MATERIAL FOR THE TASK:
⟨

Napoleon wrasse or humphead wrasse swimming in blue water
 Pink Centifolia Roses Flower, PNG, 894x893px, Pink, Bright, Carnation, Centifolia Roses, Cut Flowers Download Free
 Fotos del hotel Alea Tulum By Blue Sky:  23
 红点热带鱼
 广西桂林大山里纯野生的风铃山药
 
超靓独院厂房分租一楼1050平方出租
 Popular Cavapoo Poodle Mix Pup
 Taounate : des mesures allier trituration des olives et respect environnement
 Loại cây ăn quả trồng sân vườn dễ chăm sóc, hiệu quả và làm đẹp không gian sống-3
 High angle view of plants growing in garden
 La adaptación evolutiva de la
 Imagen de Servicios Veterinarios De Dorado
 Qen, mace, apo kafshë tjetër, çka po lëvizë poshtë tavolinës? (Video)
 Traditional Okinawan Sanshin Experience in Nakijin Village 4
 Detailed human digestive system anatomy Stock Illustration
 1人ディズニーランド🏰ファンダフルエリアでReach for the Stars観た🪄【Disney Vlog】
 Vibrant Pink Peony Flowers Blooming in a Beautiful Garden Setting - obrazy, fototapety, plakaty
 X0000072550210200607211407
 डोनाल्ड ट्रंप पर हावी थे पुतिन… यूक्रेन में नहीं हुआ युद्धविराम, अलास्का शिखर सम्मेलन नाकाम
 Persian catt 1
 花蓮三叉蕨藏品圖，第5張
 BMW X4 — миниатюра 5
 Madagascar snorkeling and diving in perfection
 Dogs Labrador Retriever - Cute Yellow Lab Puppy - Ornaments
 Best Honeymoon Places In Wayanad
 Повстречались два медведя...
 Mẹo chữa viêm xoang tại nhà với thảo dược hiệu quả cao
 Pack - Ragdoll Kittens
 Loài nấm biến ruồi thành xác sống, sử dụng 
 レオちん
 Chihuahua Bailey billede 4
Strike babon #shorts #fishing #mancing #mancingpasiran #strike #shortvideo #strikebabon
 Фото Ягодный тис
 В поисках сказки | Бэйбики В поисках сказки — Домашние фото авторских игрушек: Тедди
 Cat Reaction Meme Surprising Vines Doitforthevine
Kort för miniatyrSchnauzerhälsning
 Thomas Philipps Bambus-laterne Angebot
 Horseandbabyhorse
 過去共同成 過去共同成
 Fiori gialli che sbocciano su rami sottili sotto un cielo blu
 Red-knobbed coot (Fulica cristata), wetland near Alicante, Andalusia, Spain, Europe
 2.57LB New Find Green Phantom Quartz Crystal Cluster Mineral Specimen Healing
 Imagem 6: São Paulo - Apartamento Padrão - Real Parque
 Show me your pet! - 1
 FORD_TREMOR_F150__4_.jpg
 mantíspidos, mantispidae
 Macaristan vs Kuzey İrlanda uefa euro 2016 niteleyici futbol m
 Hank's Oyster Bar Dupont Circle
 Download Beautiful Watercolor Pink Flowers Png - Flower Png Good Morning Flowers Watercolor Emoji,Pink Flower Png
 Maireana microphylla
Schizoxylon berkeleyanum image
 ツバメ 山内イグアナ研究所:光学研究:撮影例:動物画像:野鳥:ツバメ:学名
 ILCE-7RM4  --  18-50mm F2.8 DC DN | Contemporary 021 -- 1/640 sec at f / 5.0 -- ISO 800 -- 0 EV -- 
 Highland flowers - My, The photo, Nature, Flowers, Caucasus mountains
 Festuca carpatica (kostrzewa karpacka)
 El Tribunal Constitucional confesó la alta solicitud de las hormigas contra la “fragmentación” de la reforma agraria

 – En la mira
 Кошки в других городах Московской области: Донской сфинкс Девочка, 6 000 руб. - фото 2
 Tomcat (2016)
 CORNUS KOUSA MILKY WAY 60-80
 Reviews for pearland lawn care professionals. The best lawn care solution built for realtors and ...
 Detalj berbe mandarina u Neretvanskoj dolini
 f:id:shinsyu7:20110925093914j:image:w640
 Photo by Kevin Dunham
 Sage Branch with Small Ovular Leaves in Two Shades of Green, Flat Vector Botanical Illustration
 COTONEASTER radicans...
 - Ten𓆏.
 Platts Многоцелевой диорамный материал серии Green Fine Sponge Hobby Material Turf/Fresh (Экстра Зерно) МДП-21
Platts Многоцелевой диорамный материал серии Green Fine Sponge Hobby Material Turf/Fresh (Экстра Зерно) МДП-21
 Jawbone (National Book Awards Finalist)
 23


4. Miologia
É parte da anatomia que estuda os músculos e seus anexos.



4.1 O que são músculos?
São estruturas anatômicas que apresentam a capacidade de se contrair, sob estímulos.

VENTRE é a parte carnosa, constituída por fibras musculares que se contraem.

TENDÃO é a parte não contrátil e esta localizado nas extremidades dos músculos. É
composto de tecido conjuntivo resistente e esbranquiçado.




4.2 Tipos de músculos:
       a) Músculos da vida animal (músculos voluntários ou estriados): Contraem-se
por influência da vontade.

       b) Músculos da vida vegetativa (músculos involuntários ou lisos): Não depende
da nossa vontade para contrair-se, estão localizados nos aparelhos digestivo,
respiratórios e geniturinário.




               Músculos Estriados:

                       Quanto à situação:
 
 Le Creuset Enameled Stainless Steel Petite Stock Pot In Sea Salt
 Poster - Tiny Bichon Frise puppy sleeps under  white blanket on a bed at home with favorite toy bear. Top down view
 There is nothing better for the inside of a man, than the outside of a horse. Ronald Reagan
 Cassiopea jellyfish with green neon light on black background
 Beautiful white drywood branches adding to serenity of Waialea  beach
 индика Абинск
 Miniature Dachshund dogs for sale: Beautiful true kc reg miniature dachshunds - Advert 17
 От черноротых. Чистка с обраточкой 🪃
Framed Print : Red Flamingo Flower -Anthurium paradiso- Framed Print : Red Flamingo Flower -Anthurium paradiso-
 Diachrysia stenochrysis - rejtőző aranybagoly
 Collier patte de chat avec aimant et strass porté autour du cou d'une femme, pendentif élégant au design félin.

⟩

TASK INSTRUCTIONS: Determine the number of lines in the records that contain the word "vontade", and provide that number alone.

SOLUTION TO THIS TASK: 2